Your objective => Repeat all the records, precisely as given.

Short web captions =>
____

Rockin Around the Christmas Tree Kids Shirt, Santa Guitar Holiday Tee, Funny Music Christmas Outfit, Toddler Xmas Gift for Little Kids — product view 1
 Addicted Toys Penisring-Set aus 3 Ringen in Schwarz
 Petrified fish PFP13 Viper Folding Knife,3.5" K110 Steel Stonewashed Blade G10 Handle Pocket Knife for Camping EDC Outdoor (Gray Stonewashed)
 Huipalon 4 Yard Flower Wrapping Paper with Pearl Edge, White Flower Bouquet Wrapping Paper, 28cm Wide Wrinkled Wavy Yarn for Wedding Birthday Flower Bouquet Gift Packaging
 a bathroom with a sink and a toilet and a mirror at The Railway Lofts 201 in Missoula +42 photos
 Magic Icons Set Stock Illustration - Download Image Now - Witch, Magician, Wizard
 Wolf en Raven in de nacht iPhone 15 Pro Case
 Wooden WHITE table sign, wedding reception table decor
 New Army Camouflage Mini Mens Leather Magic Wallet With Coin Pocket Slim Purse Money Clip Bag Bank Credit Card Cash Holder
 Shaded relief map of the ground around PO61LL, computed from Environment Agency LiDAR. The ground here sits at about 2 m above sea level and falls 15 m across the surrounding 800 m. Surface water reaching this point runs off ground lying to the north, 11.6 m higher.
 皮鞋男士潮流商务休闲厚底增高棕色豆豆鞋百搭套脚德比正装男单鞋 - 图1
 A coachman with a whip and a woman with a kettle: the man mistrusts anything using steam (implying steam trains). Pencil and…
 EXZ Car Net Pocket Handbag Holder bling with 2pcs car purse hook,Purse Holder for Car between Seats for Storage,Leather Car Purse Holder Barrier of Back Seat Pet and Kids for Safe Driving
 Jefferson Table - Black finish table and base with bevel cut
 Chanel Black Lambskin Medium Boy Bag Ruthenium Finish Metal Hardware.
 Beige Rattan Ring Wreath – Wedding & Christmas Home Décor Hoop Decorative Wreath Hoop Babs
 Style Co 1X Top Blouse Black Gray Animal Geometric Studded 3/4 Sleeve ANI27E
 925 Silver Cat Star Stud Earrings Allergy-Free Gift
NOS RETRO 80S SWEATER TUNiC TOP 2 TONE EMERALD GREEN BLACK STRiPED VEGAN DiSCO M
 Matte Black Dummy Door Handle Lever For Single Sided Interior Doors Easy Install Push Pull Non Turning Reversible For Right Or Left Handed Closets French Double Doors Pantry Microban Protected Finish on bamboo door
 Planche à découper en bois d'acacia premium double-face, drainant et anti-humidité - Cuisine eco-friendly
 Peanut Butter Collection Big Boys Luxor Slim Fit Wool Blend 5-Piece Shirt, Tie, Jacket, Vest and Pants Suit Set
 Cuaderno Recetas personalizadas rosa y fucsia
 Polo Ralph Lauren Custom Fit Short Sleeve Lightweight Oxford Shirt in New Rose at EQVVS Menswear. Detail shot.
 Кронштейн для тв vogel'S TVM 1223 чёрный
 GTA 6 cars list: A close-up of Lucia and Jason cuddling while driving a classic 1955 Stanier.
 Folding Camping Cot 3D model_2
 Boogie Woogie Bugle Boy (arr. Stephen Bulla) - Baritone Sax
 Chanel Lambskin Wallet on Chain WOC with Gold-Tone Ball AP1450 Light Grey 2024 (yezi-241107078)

____

Answer to this exercise =>
Rockin Around the Christmas Tree Kids Shirt, Santa Guitar Holiday Tee, Funny Music Christmas Outfit, Toddler Xmas Gift for Little Kids — product view 1
 Addicted Toys Penisring-Set aus 3 Ringen in Schwarz
 Petrified fish PFP13 Viper Folding Knife,3.5" K110 Steel Stonewashed Blade G10 Handle Pocket Knife for Camping EDC Outdoor (Gray Stonewashed)
 Huipalon 4 Yard Flower Wrapping Paper with Pearl Edge, White Flower Bouquet Wrapping Paper, 28cm Wide Wrinkled Wavy Yarn for Wedding Birthday Flower Bouquet Gift Packaging
 a bathroom with a sink and a toilet and a mirror at The Railway Lofts 201 in Missoula +42 photos
 Magic Icons Set Stock Illustration - Download Image Now - Witch, Magician, Wizard
 Wolf en Raven in de nacht iPhone 15 Pro Case
 Wooden WHITE table sign, wedding reception table decor
 New Army Camouflage Mini Mens Leather Magic Wallet With Coin Pocket Slim Purse Money Clip Bag Bank Credit Card Cash Holder
 Shaded relief map of the ground around PO61LL, computed from Environment Agency LiDAR. The ground here sits at about 2 m above sea level and falls 15 m across the surrounding 800 m. Surface water reaching this point runs off ground lying to the north, 11.6 m higher.
 皮鞋男士潮流商务休闲厚底增高棕色豆豆鞋百搭套脚德比正装男单鞋 - 图1
 A coachman with a whip and a woman with a kettle: the man mistrusts anything using steam (implying steam trains). Pencil and…
 EXZ Car Net Pocket Handbag Holder bling with 2pcs car purse hook,Purse Holder for Car between Seats for Storage,Leather Car Purse Holder Barrier of Back Seat Pet and Kids for Safe Driving
 Jefferson Table - Black finish table and base with bevel cut
 Chanel Black Lambskin Medium Boy Bag Ruthenium Finish Metal Hardware.
 Beige Rattan Ring Wreath – Wedding & Christmas Home Décor Hoop Decorative Wreath Hoop Babs
 Style Co 1X Top Blouse Black Gray Animal Geometric Studded 3/4 Sleeve ANI27E
 925 Silver Cat Star Stud Earrings Allergy-Free Gift
NOS RETRO 80S SWEATER TUNiC TOP 2 TONE EMERALD GREEN BLACK STRiPED VEGAN DiSCO M
 Matte Black Dummy Door Handle Lever For Single Sided Interior Doors Easy Install Push Pull Non Turning Reversible For Right Or Left Handed Closets French Double Doors Pantry Microban Protected Finish on bamboo door
 Planche à découper en bois d'acacia premium double-face, drainant et anti-humidité - Cuisine eco-friendly
 Peanut Butter Collection Big Boys Luxor Slim Fit Wool Blend 5-Piece Shirt, Tie, Jacket, Vest and Pants Suit Set
 Cuaderno Recetas personalizadas rosa y fucsia
 Polo Ralph Lauren Custom Fit Short Sleeve Lightweight Oxford Shirt in New Rose at EQVVS Menswear. Detail shot.
 Кронштейн для тв vogel'S TVM 1223 чёрный
 GTA 6 cars list: A close-up of Lucia and Jason cuddling while driving a classic 1955 Stanier.
 Folding Camping Cot 3D model_2
 Boogie Woogie Bugle Boy (arr. Stephen Bulla) - Baritone Sax
 Chanel Lambskin Wallet on Chain WOC with Gold-Tone Ball AP1450 Light Grey 2024 (yezi-241107078)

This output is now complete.